Extracted data:
# # # #
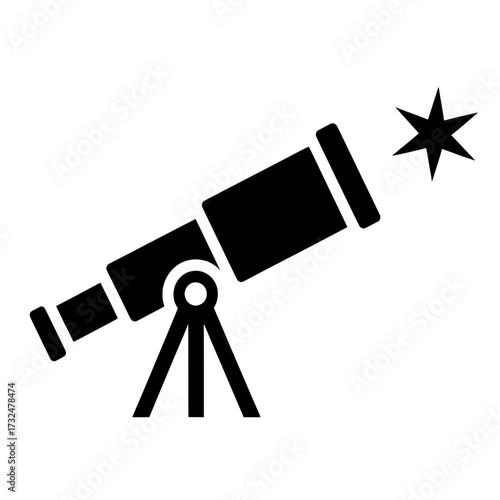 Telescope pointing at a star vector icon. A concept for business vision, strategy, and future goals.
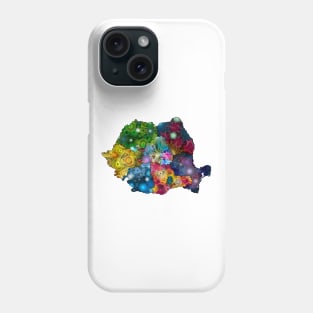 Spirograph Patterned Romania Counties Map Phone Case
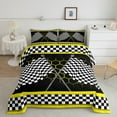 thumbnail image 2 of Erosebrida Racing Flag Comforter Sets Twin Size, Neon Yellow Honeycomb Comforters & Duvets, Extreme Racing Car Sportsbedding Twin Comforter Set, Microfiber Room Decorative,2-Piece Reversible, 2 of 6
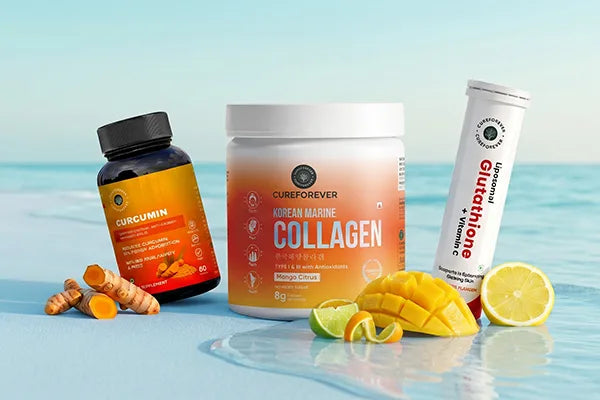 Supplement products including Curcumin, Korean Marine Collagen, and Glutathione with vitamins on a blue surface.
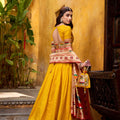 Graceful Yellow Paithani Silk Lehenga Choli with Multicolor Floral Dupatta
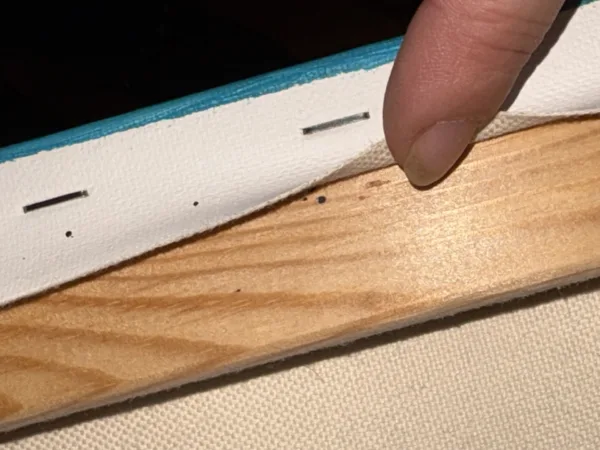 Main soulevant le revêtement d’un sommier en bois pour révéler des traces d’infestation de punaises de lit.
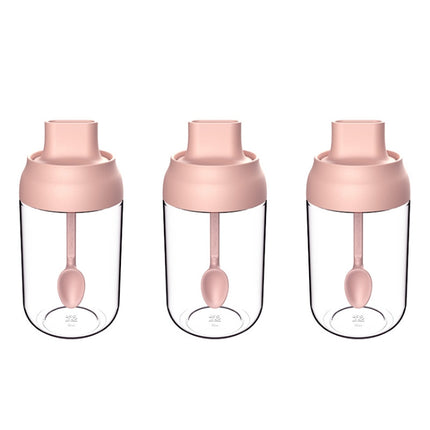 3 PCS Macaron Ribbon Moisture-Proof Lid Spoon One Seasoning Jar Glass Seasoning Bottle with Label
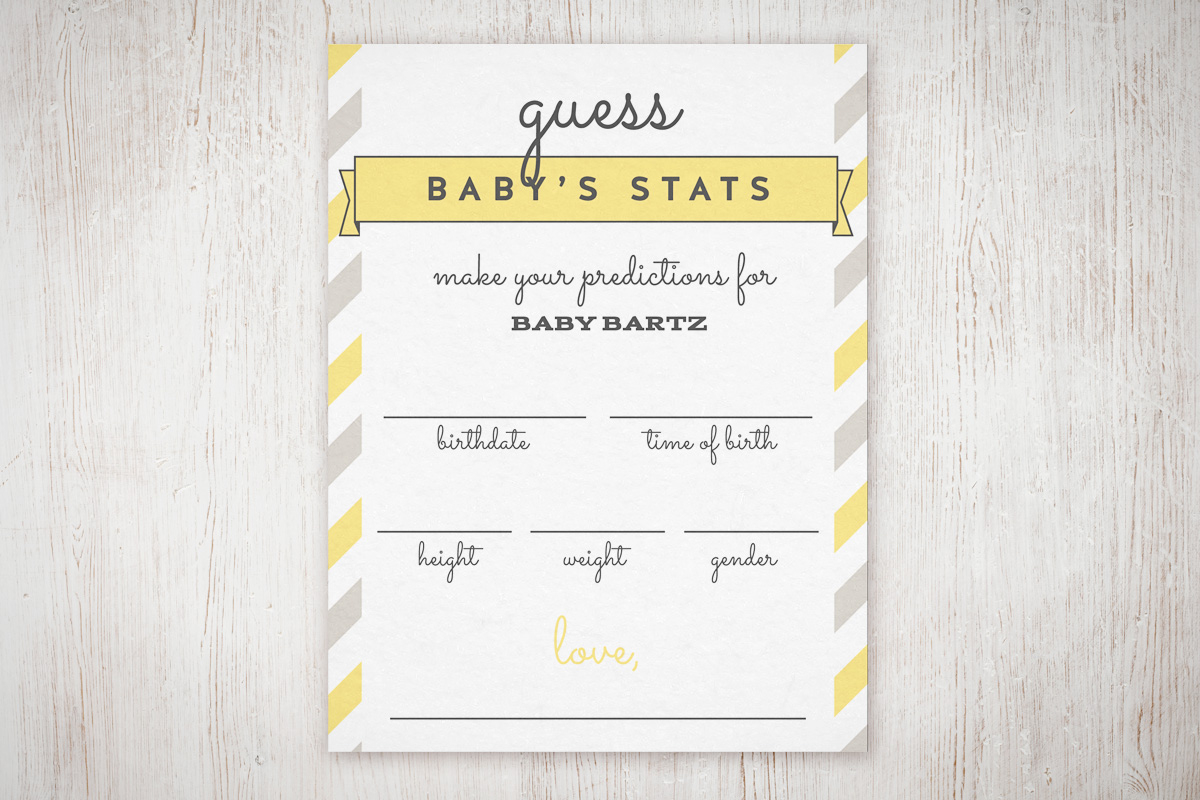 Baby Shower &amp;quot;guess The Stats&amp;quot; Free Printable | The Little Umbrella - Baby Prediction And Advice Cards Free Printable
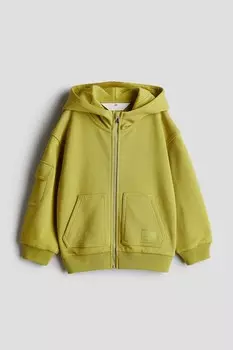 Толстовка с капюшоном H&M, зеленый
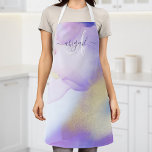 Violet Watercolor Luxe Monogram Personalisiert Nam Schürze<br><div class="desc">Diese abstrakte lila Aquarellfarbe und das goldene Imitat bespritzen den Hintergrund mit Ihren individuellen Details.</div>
# # # #
What is expected: Starting at the line that contains "Spirograph Patterned Romania", please write out each line through the last line of the data, both ends included, and keep pictures out of the copy.

Solution to the exercise:
 Spirograph Patterned Romania Counties Map Phone Case
 thumbnail image 2 of Erosebrida Racing Flag Comforter Sets Twin Size, Neon Yellow Honeycomb Comforters & Duvets, Extreme Racing Car Sportsbedding Twin Comforter Set, Microfiber Room Decorative,2-Piece Reversible, 2 of 6
 Supplement products including Curcumin, Korean Marine Collagen, and Glutathione with vitamins on a blue surface.
 Graceful Yellow Paithani Silk Lehenga Choli with Multicolor Floral Dupatta
 Main soulevant le revêtement d’un sommier en bois pour révéler des traces d’infestation de punaises de lit.
 3 PCS Macaron Ribbon Moisture-Proof Lid Spoon One Seasoning Jar Glass Seasoning Bottle with Label
 Baby Shower &amp;quot;guess The Stats&amp;quot; Free Printable | The Little Umbrella - Baby Prediction And Advice Cards Free Printable
 Толстовка с капюшоном H&M, зеленый
 Violet Watercolor Luxe Monogram Personalisiert Nam Schürze<br><div class="desc">Diese abstrakte lila Aquarellfarbe und das goldene Imitat bespritzen den Hintergrund mit Ihren individuellen Details.</div>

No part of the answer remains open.